Of course the potential helper means well.  I’d imagine they’d be happy to help you if you were to pick up the phone and ask for their help with whatever it is you need help with at the moment.  But, if you’re anything like me, you will never call to ask anyone for anything.  I want to. But I just can’t seem to do it. 

There are things that you can’t call people for.  Hey, you, guy who came to my husband’s wake – could you please be a positive male role model for my son?  And you, other guy, could you teach the other one how to ride a bike, fix a car and be a man? 

There are things that you CAN call people for.  Snow shoveling, childcare, help with home repairs.   Take advantage of those offers.  People really want to help you.  And if you don’t accept their help, they will stop offering.  I learned that one the hard way.

I no longer need the same kind of help that I needed when Kevin first died, and the kids were babies.  I don’t have to wait until they are asleep to shovel the snow.  We’ve moved past diapers and into homework now, and there are times when I feel like I might actually have this new life under control.  But what I need now is more than just help around the house. 

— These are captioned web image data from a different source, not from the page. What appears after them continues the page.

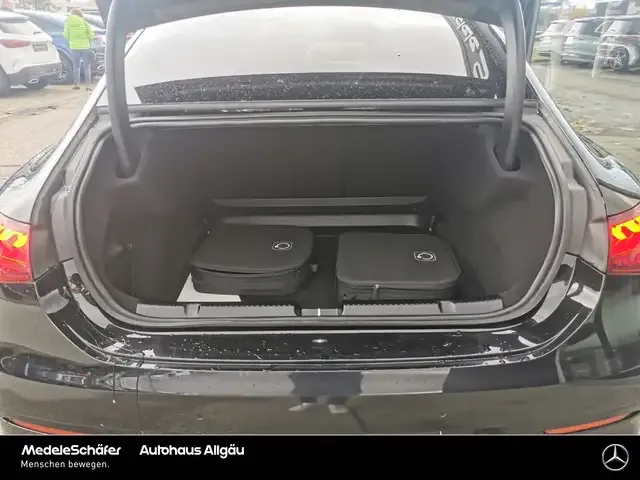 Mercedes-Benz EQE 53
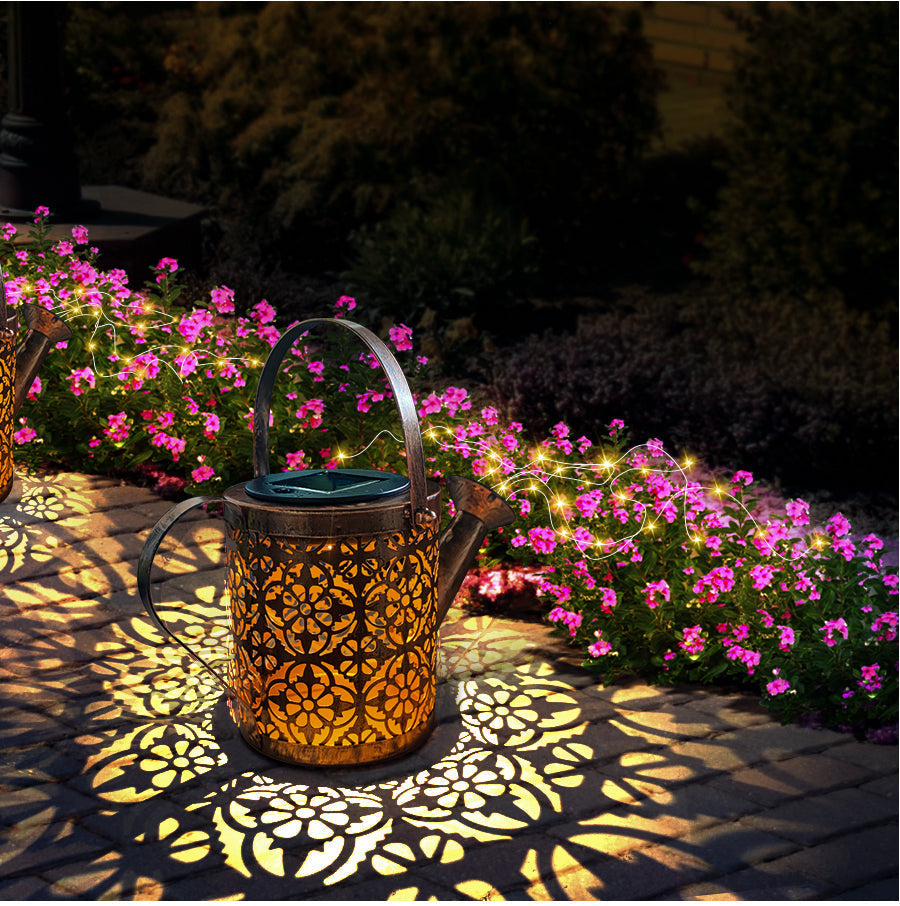 Solar-Gartenlampe mit Wasserfall-Effekt und LED-Beleuchtung, dekorativ für stimmungsvolle Abende im Freien und im Garten | Sansoti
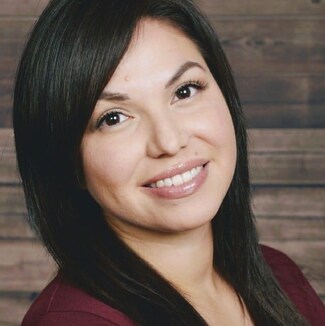 Jessica Duenez Real Estate Agent - Coldwell Banker Real Estate Group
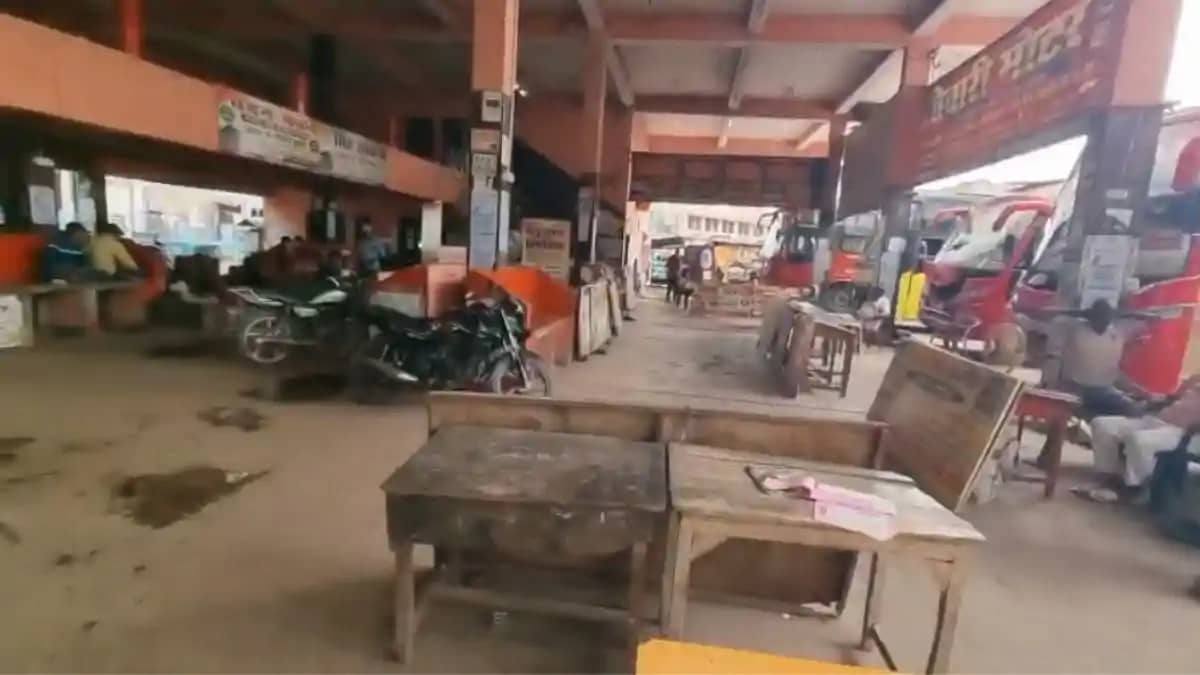 लाखों का टैक्स देने के बावजूद बदहाल सरदार पटेल बस पड़ाव, मूल लाखों का टैक्स देने के बावजूद बदहाल सरदार पटेल बस पड़ाव, मूल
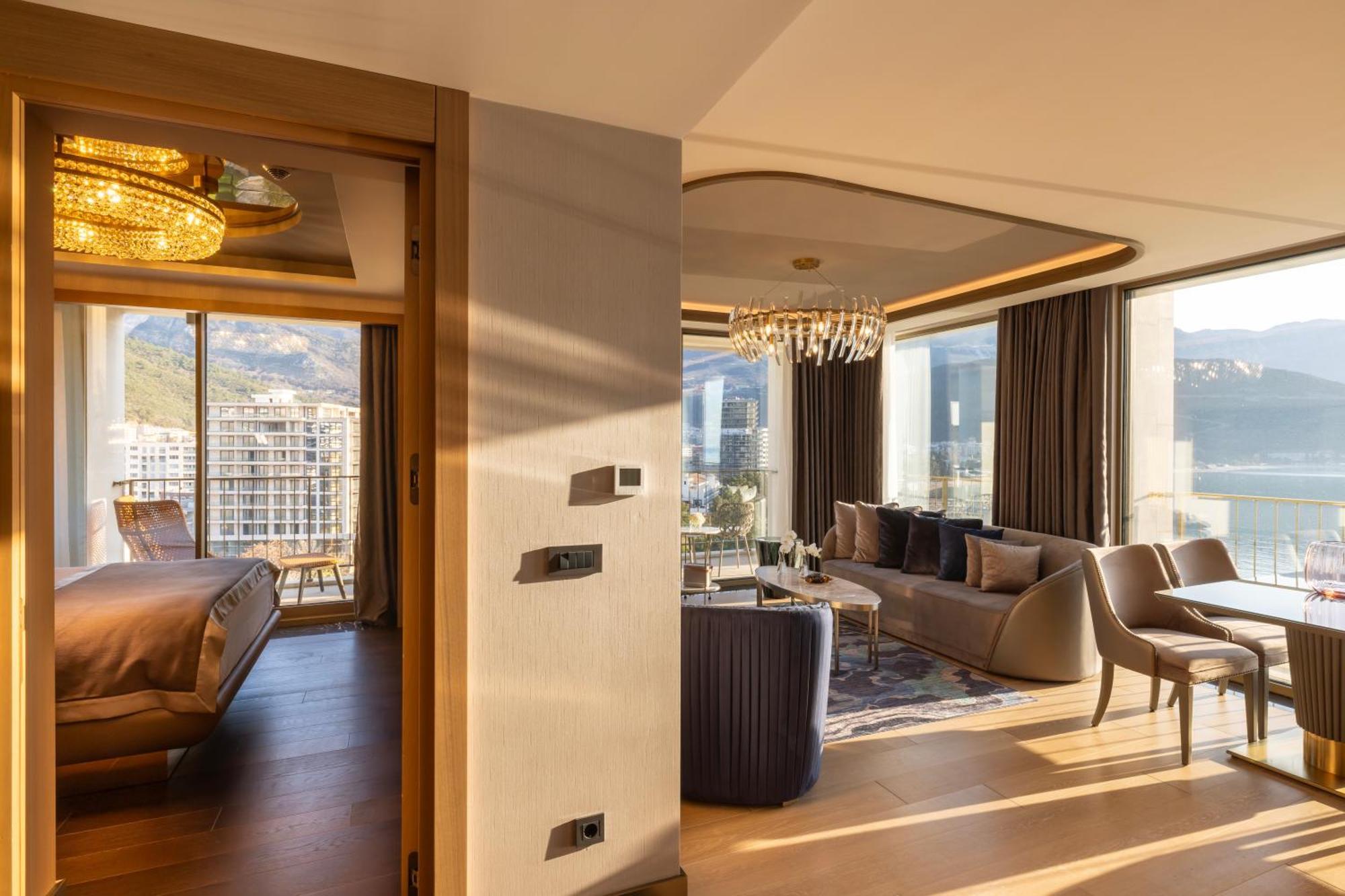 Merit Starlit Hotel & Residences Будва Екстериор снимка
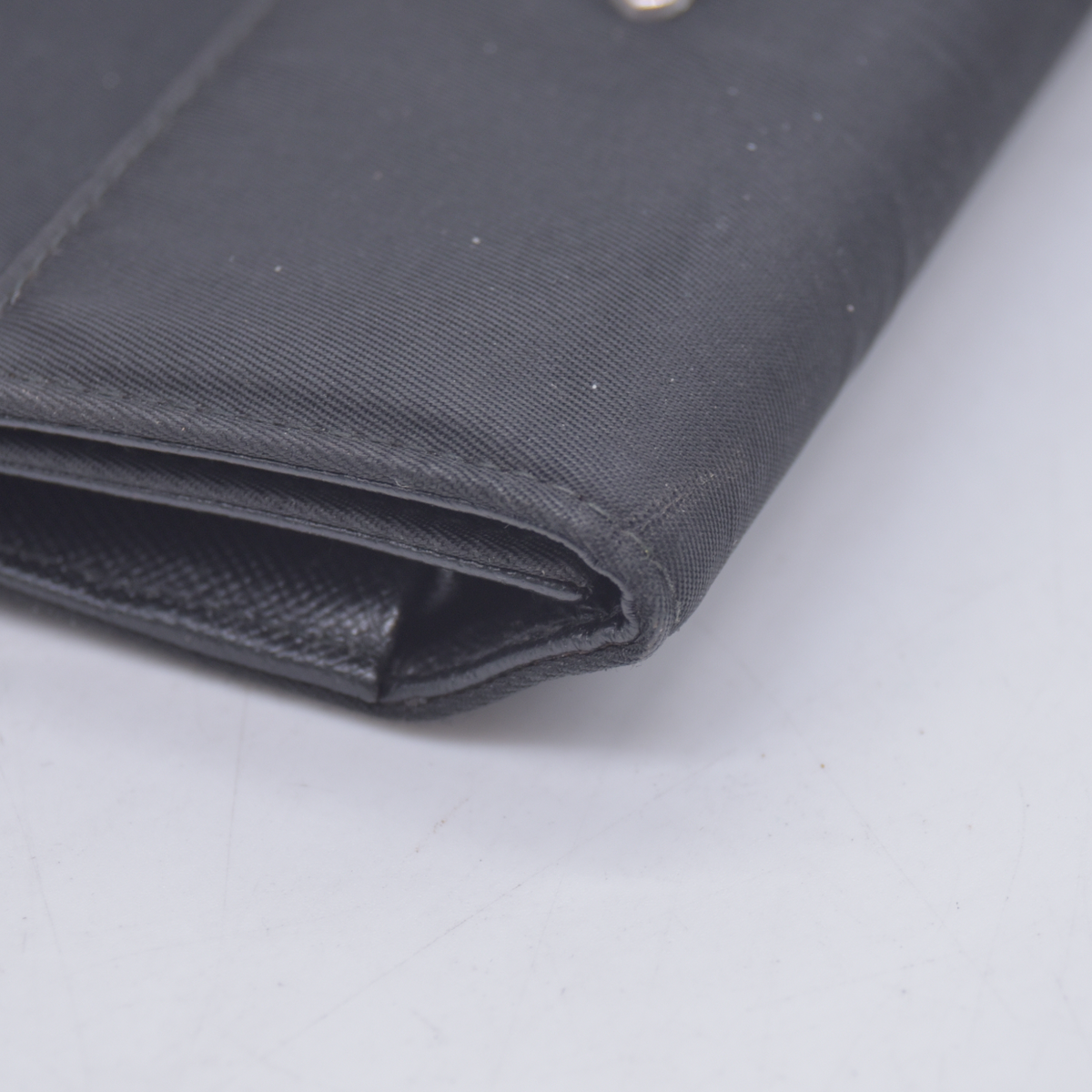 $775 PRADA Logo Plate Nylon Trifold Wallet Black 10021030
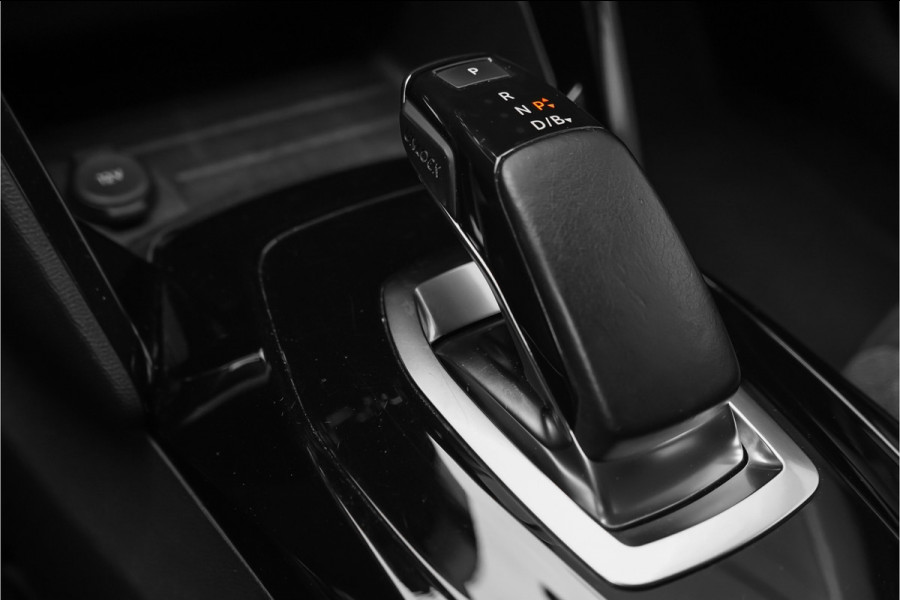Peugeot e-2008 EV Active 50 kWh Climate Stoelverw Camera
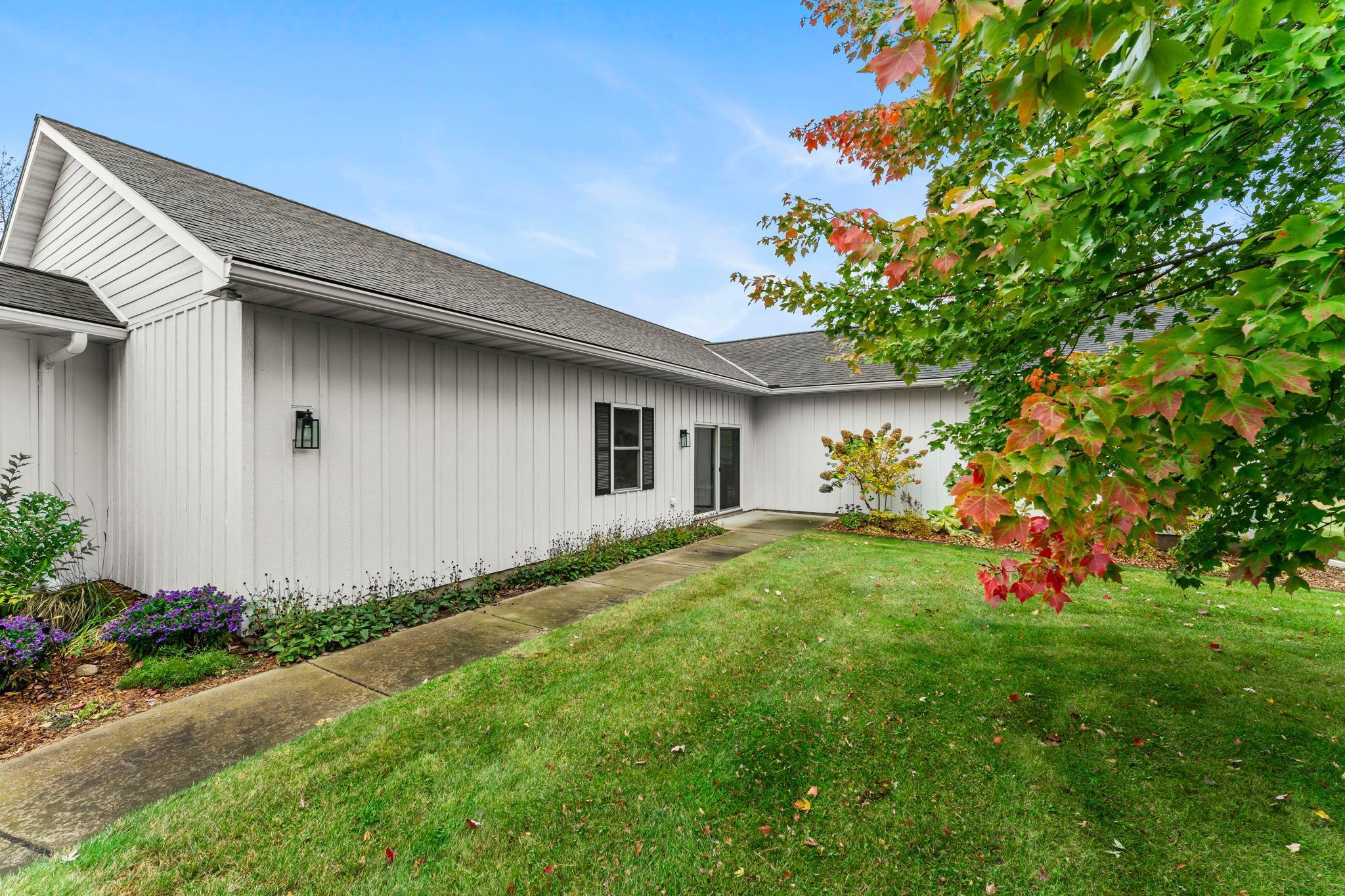 25-web-or-mls-18720 114th St SE-28.jpg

It takes a village to raise a child.  I believe that.  But who do you call when you are looking to supplement your village?  I need people in my children’s lives who genuinely care about them.  I need them to know that they have more than just me in this world.  I don’t need someone to ‘take them off my hands.’  I need people to love them, guide them, know them and support them.   People who want to spend time with them.  People who can give them pieces of their father in ways I can’t. 

Anyone have the number for that?


Laura. Exactly. Exactly.

This was one of the first things I learned not to say to a grieving person once I became widowed. It truly is just a filler for those who don't know what to say. I now try to offer something specific to that person, help with food, phone numbers and helpful websites, a ride somewhere etc and I am sincere when I say it. When all else fails, I offer a hug, sometimes that helps tremendously.

True. But I can't even call for the things that people can help with. I feel like I'm being such a burden!

Well said, Laura! I had a hard time asking for help in the early days, and now the offers have pretty much dried up.